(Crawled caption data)
···

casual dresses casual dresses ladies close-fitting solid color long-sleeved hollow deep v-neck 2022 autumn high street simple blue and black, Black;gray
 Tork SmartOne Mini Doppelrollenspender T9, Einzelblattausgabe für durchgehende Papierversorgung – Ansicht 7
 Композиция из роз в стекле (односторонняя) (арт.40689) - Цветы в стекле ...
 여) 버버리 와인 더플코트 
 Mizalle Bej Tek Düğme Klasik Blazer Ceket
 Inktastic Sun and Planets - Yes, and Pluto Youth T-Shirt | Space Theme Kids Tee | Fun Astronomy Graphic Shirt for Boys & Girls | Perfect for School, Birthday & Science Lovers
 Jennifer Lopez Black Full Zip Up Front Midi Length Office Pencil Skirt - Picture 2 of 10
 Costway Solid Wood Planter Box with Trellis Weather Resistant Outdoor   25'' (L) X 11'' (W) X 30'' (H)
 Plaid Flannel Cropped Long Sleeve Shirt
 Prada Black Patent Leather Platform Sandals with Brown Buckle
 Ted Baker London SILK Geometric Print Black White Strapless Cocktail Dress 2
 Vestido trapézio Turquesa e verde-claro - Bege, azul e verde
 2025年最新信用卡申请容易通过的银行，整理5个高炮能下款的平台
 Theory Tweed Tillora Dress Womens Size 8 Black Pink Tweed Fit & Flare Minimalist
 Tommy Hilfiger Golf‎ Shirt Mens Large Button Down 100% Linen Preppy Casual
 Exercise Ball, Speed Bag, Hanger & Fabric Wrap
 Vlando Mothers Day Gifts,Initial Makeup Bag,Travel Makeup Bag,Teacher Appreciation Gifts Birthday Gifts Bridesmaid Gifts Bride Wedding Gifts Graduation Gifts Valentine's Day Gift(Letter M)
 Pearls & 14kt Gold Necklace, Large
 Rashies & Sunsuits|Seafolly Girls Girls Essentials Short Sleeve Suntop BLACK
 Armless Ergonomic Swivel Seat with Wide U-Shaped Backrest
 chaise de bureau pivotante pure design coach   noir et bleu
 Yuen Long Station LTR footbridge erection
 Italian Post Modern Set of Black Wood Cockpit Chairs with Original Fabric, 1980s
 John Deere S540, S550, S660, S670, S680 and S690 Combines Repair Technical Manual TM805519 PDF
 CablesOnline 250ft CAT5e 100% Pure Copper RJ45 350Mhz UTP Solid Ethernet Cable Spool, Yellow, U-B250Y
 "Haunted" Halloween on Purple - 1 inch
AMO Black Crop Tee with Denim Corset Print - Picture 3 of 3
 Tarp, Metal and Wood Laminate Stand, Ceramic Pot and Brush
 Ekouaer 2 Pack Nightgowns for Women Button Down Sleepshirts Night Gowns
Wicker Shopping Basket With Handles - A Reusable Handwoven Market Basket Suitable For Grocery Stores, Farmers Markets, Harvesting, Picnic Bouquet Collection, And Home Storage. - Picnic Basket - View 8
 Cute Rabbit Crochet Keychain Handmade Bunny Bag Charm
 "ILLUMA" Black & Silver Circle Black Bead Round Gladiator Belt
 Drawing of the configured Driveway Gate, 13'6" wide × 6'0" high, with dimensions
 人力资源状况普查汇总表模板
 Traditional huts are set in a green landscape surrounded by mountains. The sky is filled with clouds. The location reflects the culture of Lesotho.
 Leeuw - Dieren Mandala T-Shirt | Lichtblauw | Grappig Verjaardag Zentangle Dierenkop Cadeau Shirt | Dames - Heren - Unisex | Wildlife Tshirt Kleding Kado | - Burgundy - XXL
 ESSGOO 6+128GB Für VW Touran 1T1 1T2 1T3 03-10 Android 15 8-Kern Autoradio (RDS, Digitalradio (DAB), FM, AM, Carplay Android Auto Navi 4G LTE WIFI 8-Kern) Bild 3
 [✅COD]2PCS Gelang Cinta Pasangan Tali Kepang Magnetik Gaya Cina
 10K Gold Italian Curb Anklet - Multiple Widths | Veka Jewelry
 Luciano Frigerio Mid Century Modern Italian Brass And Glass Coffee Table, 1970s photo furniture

···

§ **TASK DIRECTIONS**
Find the lines above that contain the word "Print" and copy each one.

§ **THE COMPLETED TASK**
 Ted Baker London SILK Geometric Print Black White Strapless Cocktail Dress 2
AMO Black Crop Tee with Denim Corset Print - Picture 3 of 3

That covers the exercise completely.